#week2 When should a mentor of teacher-research be directive, if at all? #week2


Richard Smith
 
Edited

Just a reminder that the activities for this week in our EVO are here: 
https://groups.io/g/Mentoring-TR/wiki/Week-2-%E2%80%93--starting-Jan.-19-%E2%80%93-Developing-topics-and-questions 

It may be that you're not currently mentoring anyone to do teacher-research, and/or have already moved beyond the stage of  'deciding on a topic / research questions' and/or at the present time can't find someone to have a mentoring dialogue like that in the 'Files' section ('Identifying areas of uncertainty through mentoring dialogue'). 
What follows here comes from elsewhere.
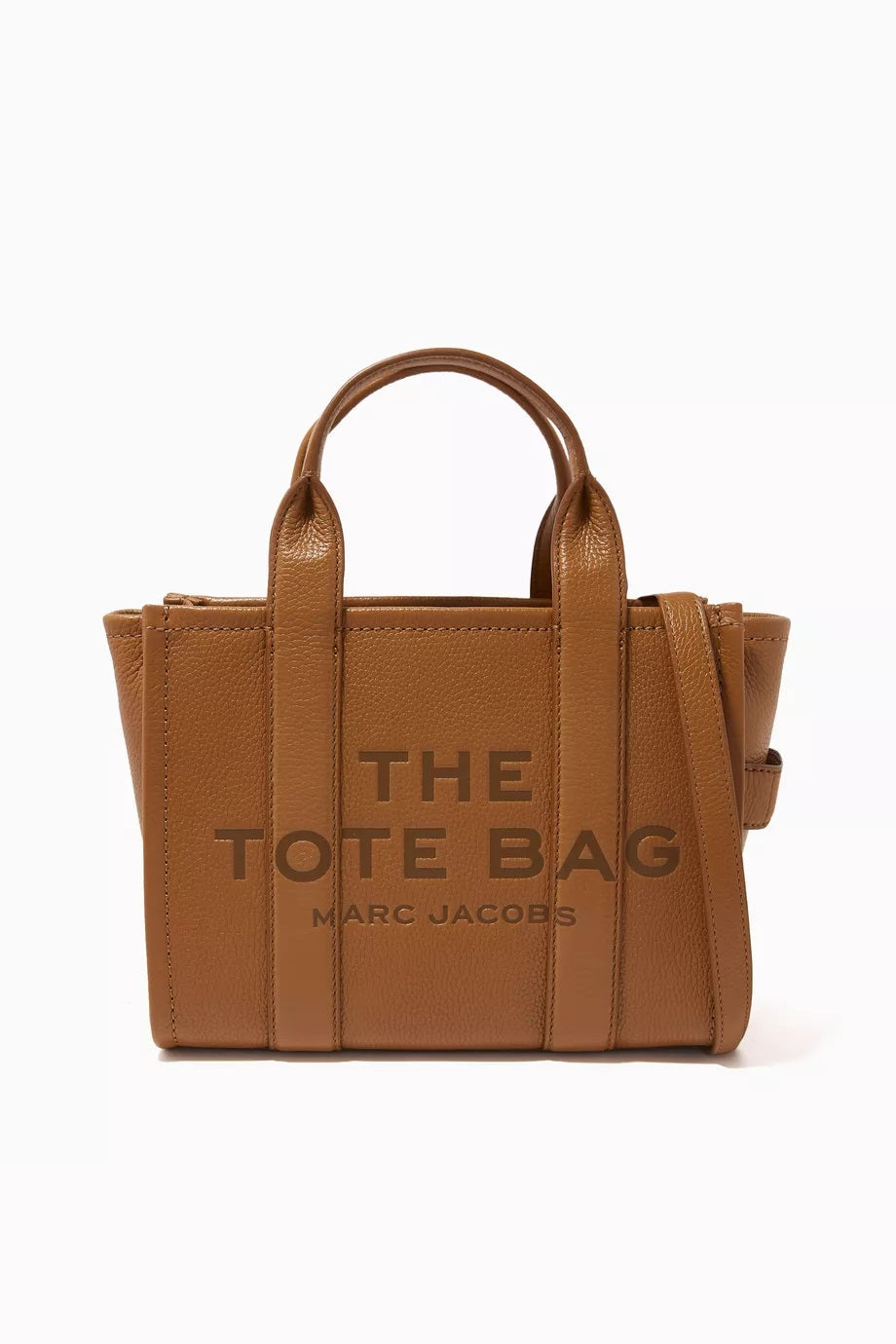 Marc Jacobs Shopper Tote Bag Leather Brown in a stylish brown color with top handles and logo at Volonka.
If so, you may find the following question more relevant to comment on - it's one that bothers me sometimes: 

'Are there times, in your experience, when it is good to be directive - though not necessarily judgmental - when mentoring teacher-research, and for what reasons / on what occasions?'


Rossana Piccini
 

This is a good question. Whether it is justified or not, I can think of cases in which it seems that being directive actually helps:
> when teachers lack confidence or agency, whether due to lack of experience or because their development towards autonomy has been somehow thwarted... In this case they might need a little 'push' as they are not used to 'thinking by themselves'.
> when teachers get stuck and don't seem to get anywhere
> when there are deadlines to be met and/or in order to stop teachers from dropping out...
It bothers me too. Collegiality and self-directedness might need to be taught
(I think I've got something about this- I'll come back later!)


Rossana Piccini
 

(cont.) Though this is not actually about research, I've written this essay for a Trainer Development course and this question was one I tried to deal with... In it, I refer to this paper*, which addresses this issue. *  https://academic.oup.com/eltj/article-abstract/67/3/302/628178?redirectedFrom=fulltext   


Elizabeth Bekes
 

Dear Rossana,

Yours is an excellent paper, I love the values underpinning it as well as the clarity and brevity. Of course, what I call the 'Alchemist effect' --"When you want something, all the universe conspires in helping you to achieve it."-- , has kicked in again, because this week we are carrying out peer observations in order to help each other identify specific issues and challenges falling under several large topics. These are done voluntarily by both observers and observees, and are considered to be of great benefit for the future of our EAR projects. I have now sent out your essay to the seven participants immediately involved, but I'm going to share it with the rest of the group. too. We are having a whole group meeting at the beginning of February, and I am hoping to find that your principled (as well as very practical) considerations will have been taken on board and contributed to providing helpful feedback to each other.


Elizabeth Bekes
 

Richard has posed an important question and, in her message, Rossana gives good examples of when a more directive approach might be good. I wholly identify with the deadlines aspect. Last week, we had about 8 hours left to submit a small research grant application and some quick thinking and firm direction was required. I set up the 'activity' so that each group member was working on a task: one on finding a couple of references and knocking them into APA format, another two filling in the form and discussing the exact wording of our responses, while I was hovering around. In the final stages, our native-speaker member had a good read through (we told her we could do it, but for us, NNESTs, it would take longer. There was a sense of immediacy about this authentic task, which seemed to energise these teacher educators: the image I shared in the last webinar intended to catch that mood.


Rossana Piccini
 

Thanks a lot, Elizabeth! I'm so glad that you have found it useful, indeed! And loved the idea of the 'alchemist effect' - it seems to prove itself over and over, doesn't it?  ♥☺

Deadlines...yes, I've had cases like the one you describe, Elizabeth,  and what you did sounds familiar too. In an ideal world, everyone should be able to learn and accomplish things at their own pace, but this is not always possible in professional life.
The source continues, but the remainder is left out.